GIVEN RECORDS START
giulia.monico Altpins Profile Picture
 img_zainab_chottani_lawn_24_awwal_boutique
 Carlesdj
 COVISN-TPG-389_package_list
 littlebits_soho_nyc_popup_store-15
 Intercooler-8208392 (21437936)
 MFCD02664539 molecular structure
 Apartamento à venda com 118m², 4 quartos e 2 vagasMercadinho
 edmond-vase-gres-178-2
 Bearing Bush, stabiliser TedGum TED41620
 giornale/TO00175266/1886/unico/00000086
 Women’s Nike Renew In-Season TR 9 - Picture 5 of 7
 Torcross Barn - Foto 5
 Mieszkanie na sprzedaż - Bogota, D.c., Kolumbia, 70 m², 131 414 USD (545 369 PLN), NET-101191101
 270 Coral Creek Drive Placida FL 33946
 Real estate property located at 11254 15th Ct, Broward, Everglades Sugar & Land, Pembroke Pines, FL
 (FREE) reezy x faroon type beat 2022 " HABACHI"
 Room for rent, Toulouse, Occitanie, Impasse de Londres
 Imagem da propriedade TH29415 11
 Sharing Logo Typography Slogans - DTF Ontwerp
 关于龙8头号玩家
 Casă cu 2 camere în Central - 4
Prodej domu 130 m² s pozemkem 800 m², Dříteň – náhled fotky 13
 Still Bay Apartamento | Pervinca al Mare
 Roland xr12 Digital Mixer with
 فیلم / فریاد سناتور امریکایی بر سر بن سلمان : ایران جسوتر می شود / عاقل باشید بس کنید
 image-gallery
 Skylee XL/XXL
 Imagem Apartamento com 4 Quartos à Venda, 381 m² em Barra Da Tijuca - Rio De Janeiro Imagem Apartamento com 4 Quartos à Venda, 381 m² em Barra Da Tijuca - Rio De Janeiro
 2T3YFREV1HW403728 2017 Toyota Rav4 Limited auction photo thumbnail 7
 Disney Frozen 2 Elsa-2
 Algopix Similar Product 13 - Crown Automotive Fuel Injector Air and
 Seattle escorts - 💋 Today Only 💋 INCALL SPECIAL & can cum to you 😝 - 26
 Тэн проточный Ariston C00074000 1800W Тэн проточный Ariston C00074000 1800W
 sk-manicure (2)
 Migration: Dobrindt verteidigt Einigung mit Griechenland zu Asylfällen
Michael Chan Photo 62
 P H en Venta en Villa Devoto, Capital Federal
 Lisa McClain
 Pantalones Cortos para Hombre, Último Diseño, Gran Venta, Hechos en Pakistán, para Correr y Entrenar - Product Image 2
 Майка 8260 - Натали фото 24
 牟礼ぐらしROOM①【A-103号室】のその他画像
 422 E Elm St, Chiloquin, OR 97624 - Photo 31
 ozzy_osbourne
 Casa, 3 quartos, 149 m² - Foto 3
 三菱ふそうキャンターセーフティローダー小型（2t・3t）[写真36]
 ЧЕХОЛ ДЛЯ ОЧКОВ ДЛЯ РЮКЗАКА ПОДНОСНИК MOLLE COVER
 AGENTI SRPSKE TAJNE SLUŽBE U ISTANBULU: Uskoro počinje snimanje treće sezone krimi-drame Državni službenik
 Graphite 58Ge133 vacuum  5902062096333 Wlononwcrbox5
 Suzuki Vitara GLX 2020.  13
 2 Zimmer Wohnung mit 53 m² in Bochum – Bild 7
GIVEN RECORDS END
Reproduce all lines from the records above that include the word "Imagem".

 Imagem da propriedade TH29415 11
 Imagem Apartamento com 4 Quartos à Venda, 381 m² em Barra Da Tijuca - Rio De Janeiro Imagem Apartamento com 4 Quartos à Venda, 381 m² em Barra Da Tijuca - Rio De Janeiro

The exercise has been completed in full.